The terrain can be tough, with rivers to cross, bogs to traverse and mountains to climb, mosquitoes can be pesky and waymarkings sporadic, but it’s all worth it, of course, for those magic moments when you feel like the only soul on earth under a wide, wide Arctic sky.

Romsdalseggen

Best long-distance hike

6.4 miles (10.3km), 8 hours, demanding

Ask a Norwegian to divulge the country’s best hikes and Romsdalseggen will invariably make the grade. Believe the hype: this full-day trek up to a knife-edge ridge is sensational. From the summit, you’ll be rewarded with top-of-the-beanstalk views of dark, ragged, snow-frosted mountains shooting up above the Romsdalen Valley and its snaking river.

You’ll be greeted with front-row views of the Trollveggen (Troll Wall) too, the highest vertical mountain wall in Europe, whooshing up 1700m (5577ft) from the valley floor. Turn your gaze south to glimpse the Dovrefjell and Sunndalsfjella mountains, west and you’ll see the far-off glint of the Atlantic Ocean. Pretty special, huh?

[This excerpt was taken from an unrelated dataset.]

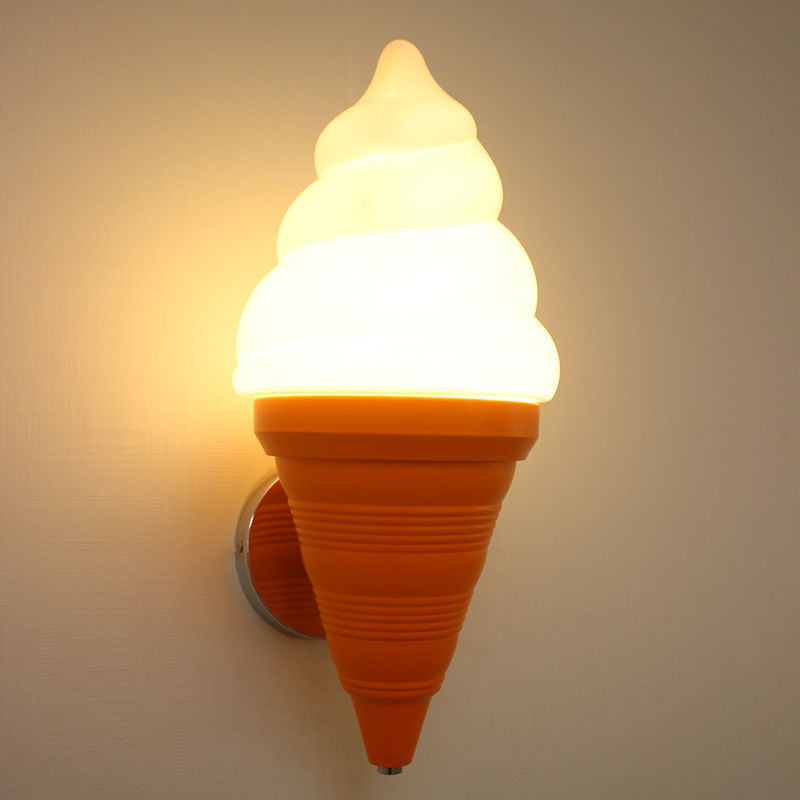 ArcticGlow – LED Wandleuchte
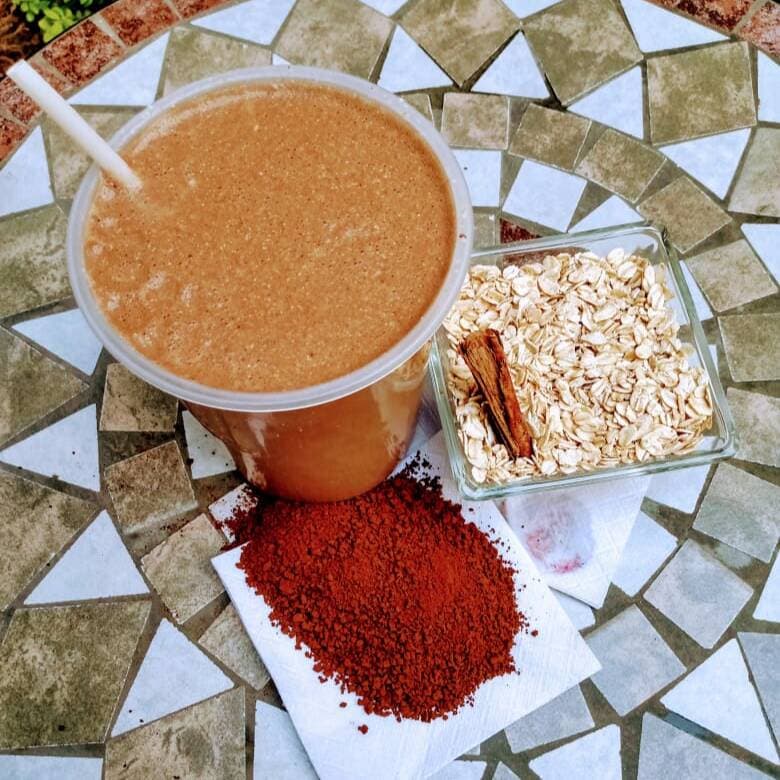 Licuado de Café Re-Activante 1 LITRO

But you’re gonna need to earn that view. The walk (beginning in the Vengedalen Valley in Isfjorden) is a challenge, to put it mildly. Doable from June to October, the hike involves a relentless 3150ft (960m) ascent, which can be exhausting when you hit the slippery slopes of scree and exposed in places (there are bolted chains to help you get a grip). It’s a fair old climb and you’ll feel it in your bones. But who cares? This is a hike that will linger in the memory long after the blisters have popped.